## DATASET RECORDS
· · · ·
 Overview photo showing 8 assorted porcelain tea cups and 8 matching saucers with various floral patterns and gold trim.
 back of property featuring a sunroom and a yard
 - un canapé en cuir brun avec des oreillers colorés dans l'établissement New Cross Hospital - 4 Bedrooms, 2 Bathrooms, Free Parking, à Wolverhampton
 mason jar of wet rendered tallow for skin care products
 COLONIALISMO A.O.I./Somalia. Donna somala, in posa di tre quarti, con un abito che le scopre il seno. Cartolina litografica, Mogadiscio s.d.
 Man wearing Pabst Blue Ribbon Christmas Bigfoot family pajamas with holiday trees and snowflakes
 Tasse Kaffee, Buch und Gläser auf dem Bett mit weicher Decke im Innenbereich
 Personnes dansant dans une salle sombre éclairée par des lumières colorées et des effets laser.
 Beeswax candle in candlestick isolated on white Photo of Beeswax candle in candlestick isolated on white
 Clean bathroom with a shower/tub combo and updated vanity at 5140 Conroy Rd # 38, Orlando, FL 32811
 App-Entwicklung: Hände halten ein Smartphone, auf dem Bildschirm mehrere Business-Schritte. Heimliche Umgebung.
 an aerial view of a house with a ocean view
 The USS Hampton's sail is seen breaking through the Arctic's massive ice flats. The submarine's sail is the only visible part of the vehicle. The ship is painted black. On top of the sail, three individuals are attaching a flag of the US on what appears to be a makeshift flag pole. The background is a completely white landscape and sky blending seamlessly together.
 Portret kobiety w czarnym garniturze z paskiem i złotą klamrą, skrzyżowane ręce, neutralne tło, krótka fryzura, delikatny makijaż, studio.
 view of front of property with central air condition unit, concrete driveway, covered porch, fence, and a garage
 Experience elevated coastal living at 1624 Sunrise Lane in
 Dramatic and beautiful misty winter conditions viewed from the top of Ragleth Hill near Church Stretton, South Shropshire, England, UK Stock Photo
· · · ·
Every line in the entries above that has the word "property" should be identified and copied.

 back of property featuring a sunroom and a yard
 view of front of property with central air condition unit, concrete driveway, covered porch, fence, and a garage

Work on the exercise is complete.